Data for the task:
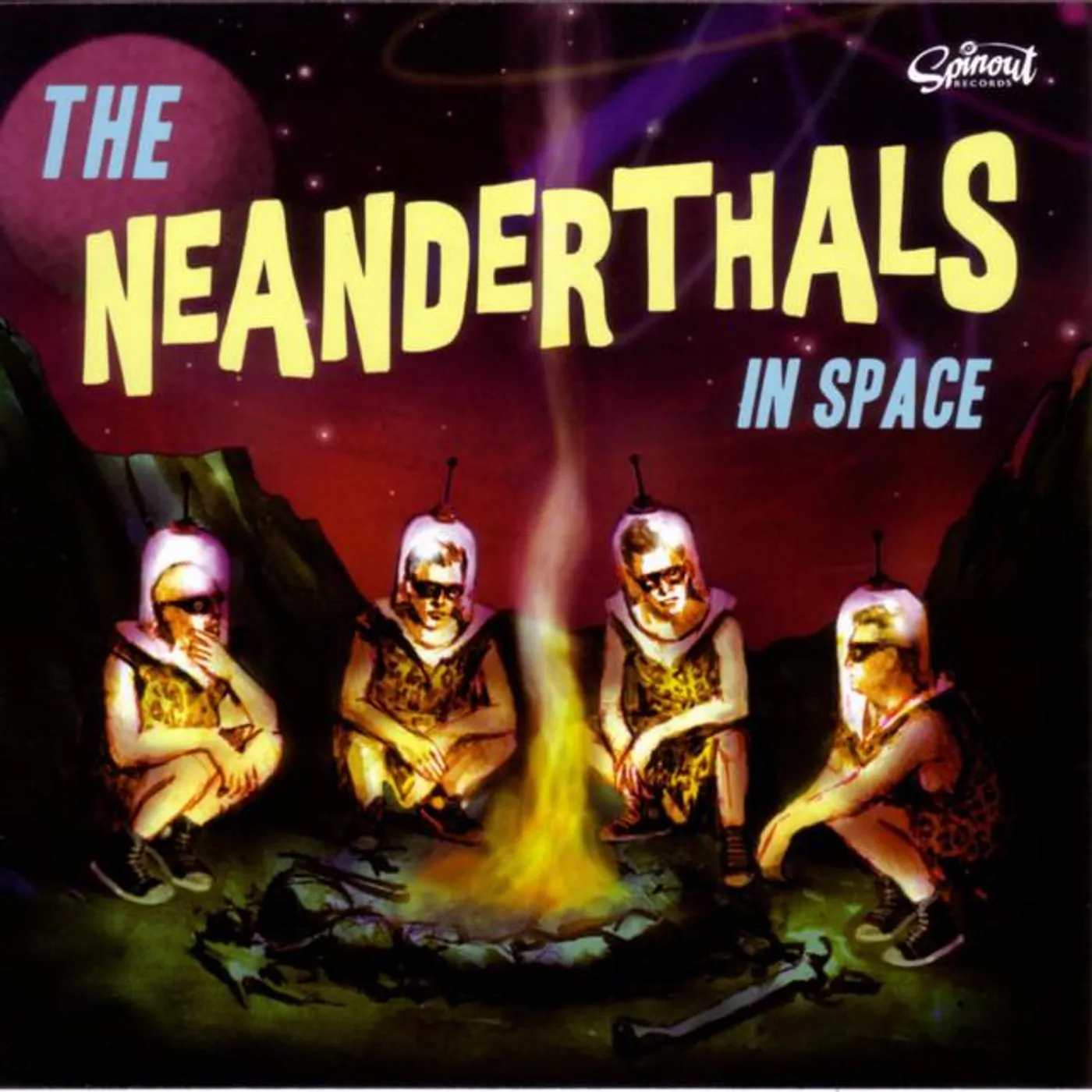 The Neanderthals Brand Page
---
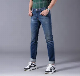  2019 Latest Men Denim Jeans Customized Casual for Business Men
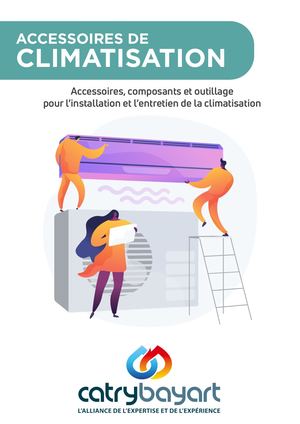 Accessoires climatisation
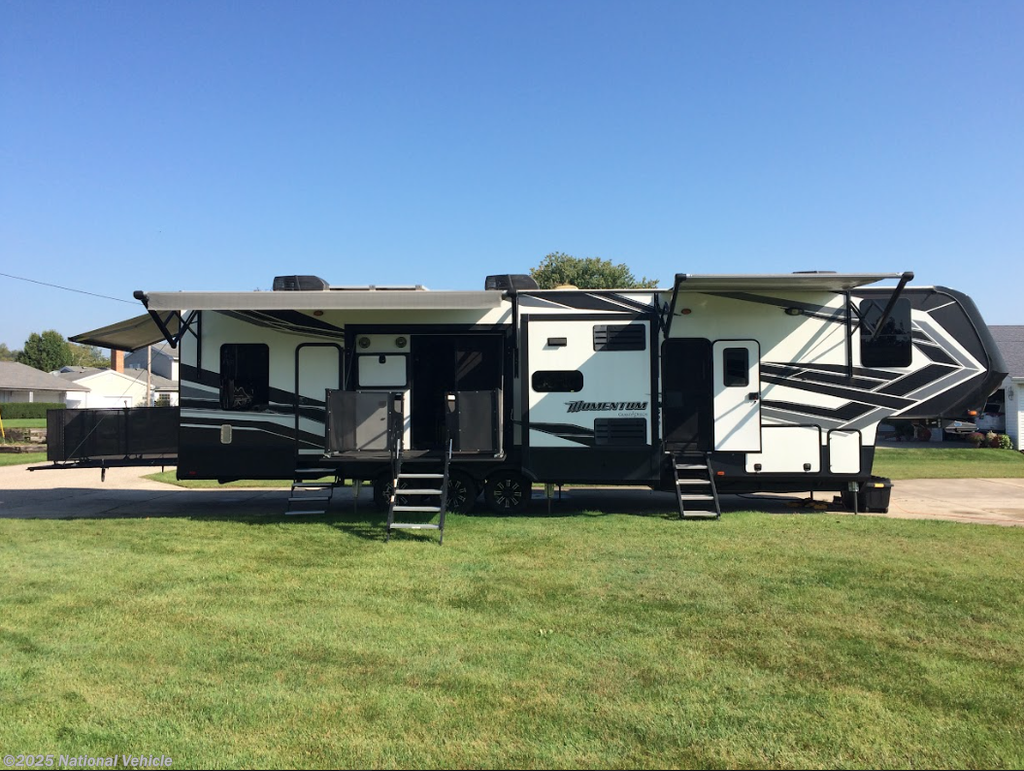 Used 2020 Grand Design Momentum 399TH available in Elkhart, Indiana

What is expected:
Extract, without any images, the part of the material above that opens with the line containing "2019 Latest Men" and closes with the line containing "Used 2020 Grand", both lines included.

Output for this task:
  2019 Latest Men Denim Jeans Customized Casual for Business Men
 Accessoires climatisation
 Used 2020 Grand Design Momentum 399TH available in Elkhart, Indiana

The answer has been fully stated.